● What is expected
Please copy the lines below, exactly as they are, from the one with "Oportunitate de investiție" through the one with "Cabanas Alpina San Agustín 外观 照片", and leave out the pictures.

Records drawn from a dataset:
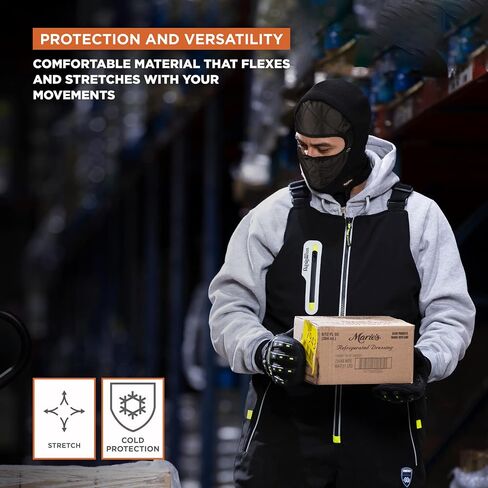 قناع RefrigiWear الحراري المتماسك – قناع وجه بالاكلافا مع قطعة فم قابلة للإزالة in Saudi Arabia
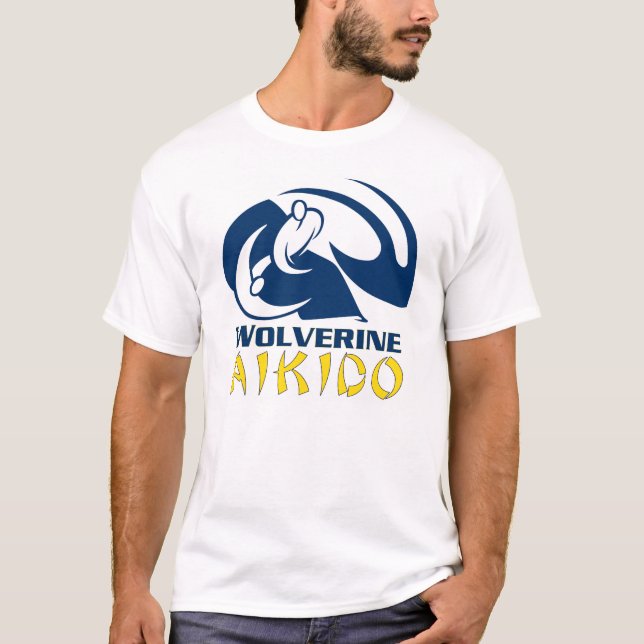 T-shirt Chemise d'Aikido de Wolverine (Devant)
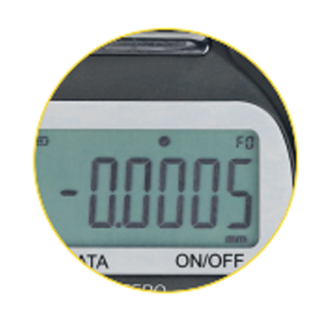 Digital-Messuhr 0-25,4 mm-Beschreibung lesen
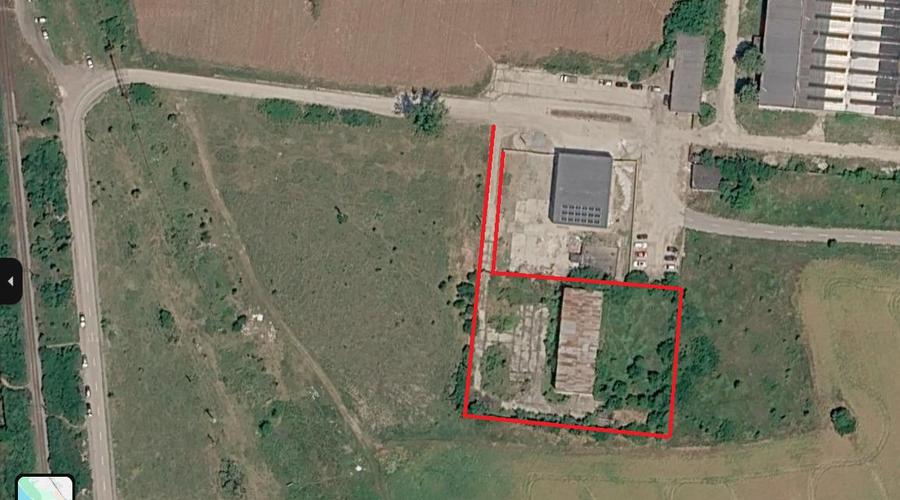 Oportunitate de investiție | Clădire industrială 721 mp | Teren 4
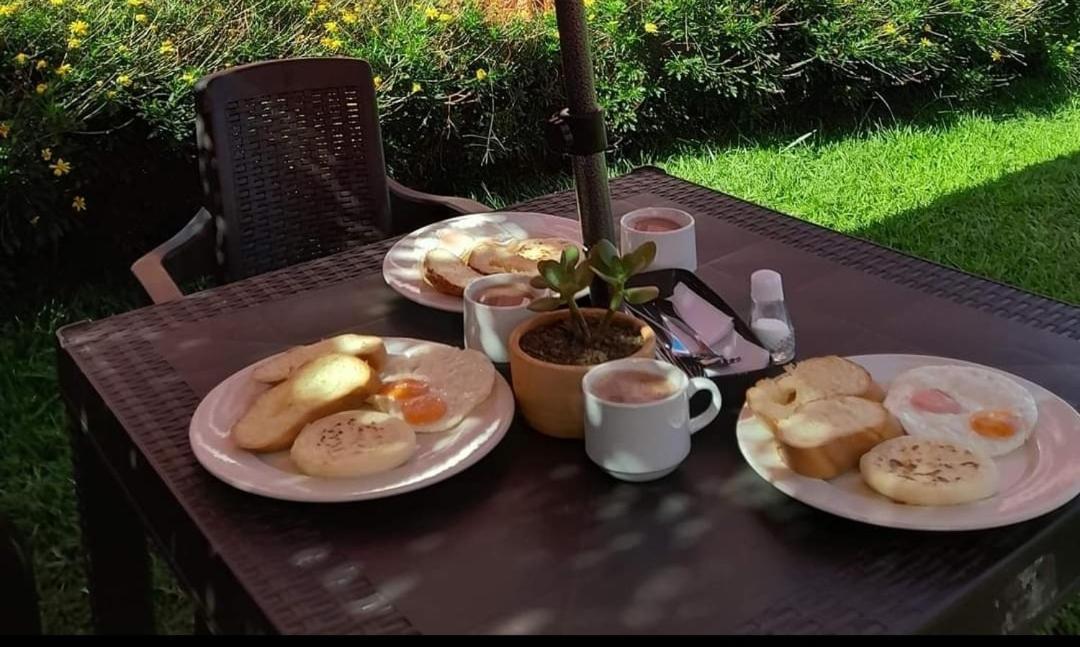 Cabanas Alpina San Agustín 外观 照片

==

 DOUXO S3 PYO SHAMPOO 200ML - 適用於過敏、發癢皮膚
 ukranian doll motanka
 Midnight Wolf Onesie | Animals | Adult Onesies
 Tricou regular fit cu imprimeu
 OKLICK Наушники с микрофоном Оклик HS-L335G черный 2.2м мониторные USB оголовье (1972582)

* * *

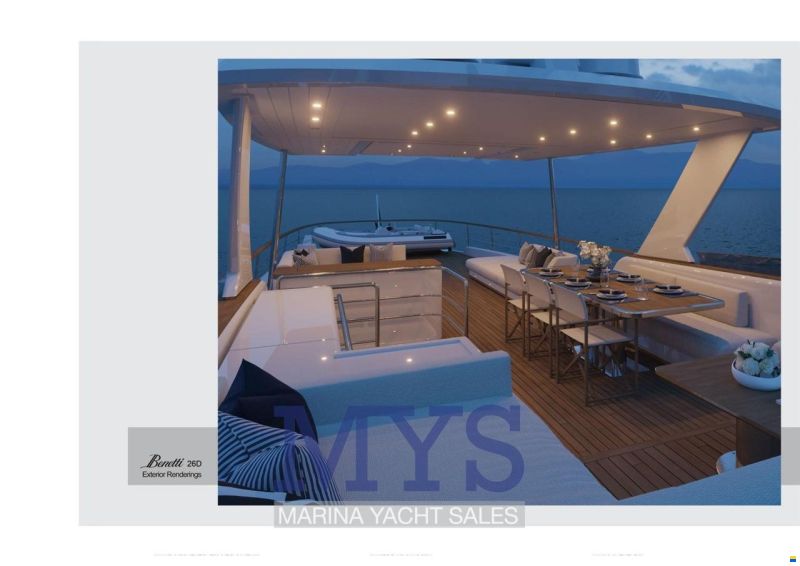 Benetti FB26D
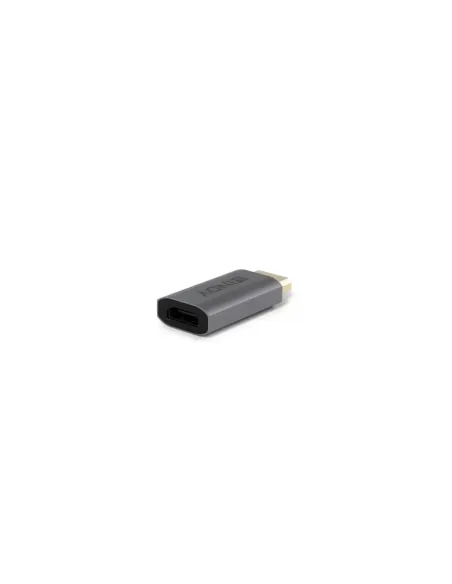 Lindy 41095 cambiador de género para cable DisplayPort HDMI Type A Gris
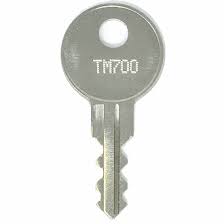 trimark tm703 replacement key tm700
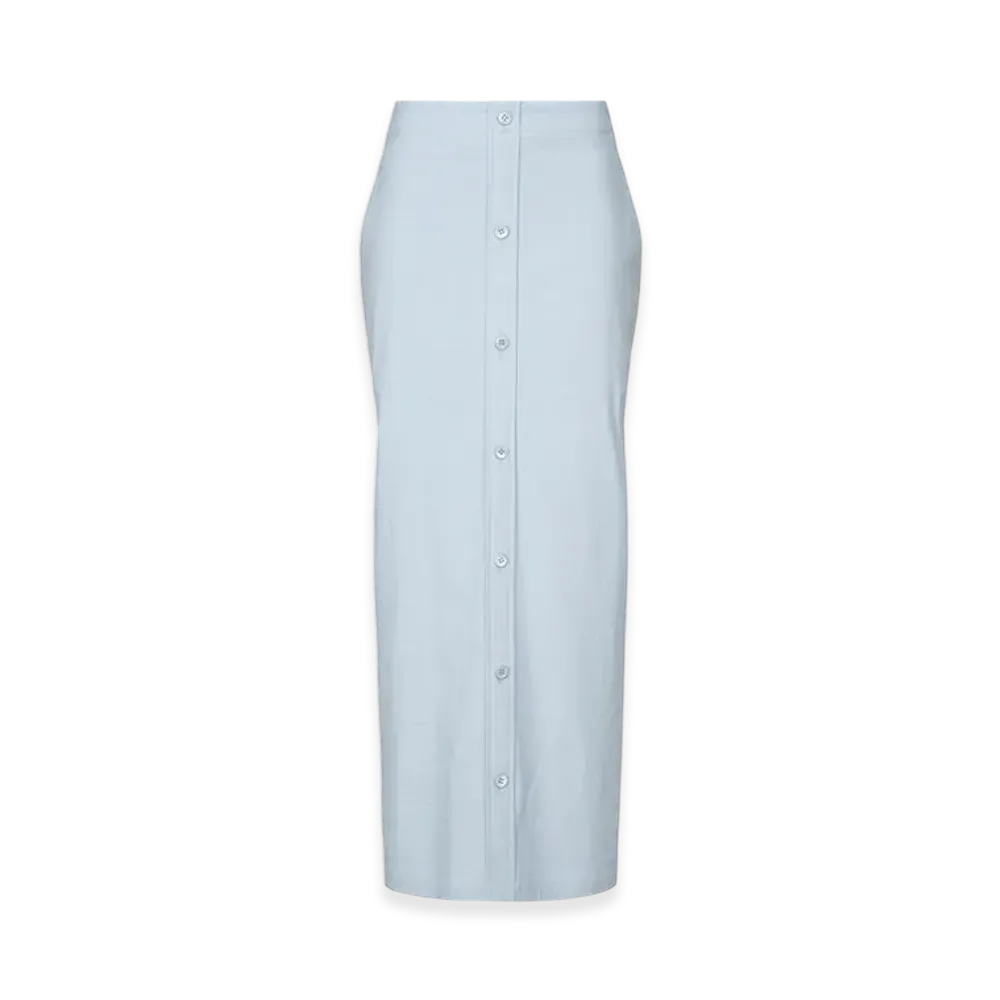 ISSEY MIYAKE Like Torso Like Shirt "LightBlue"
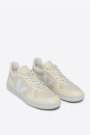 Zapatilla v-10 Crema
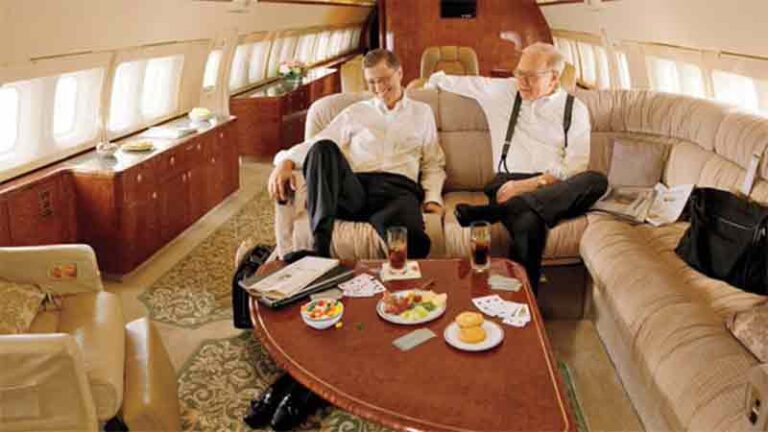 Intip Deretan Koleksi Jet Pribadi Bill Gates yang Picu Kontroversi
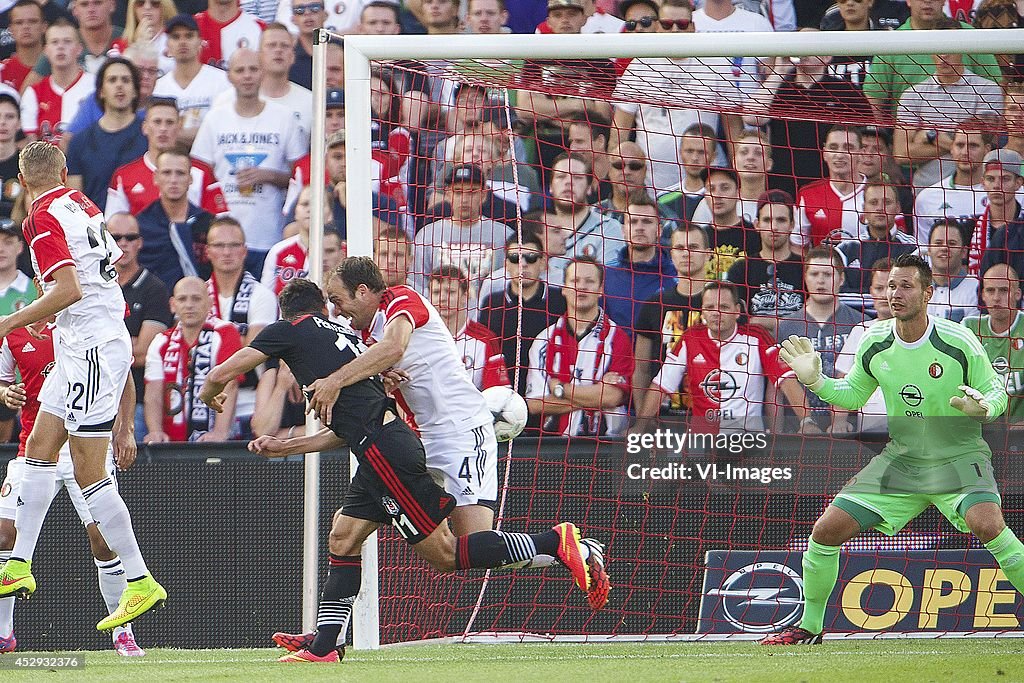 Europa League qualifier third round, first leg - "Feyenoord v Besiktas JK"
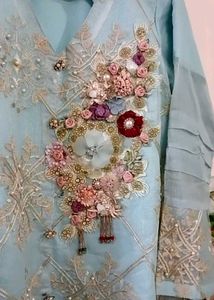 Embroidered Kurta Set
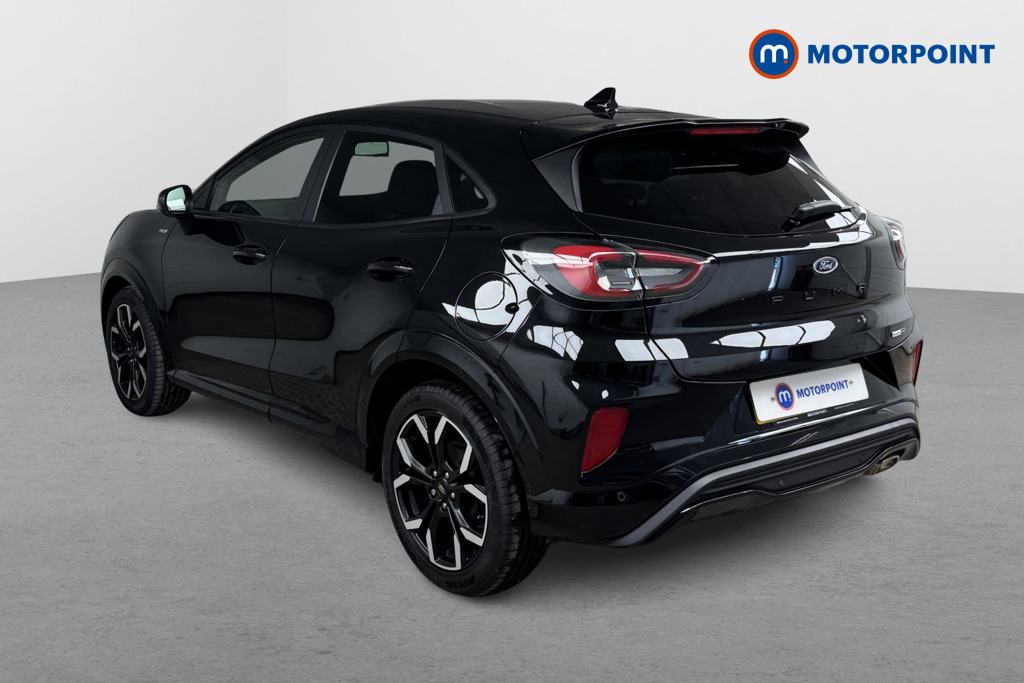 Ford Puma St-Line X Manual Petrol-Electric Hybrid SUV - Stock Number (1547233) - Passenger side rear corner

● Answer space
 Oportunitate de investiție | Clădire industrială 721 mp | Teren 4
 Cabanas Alpina San Agustín 外观 照片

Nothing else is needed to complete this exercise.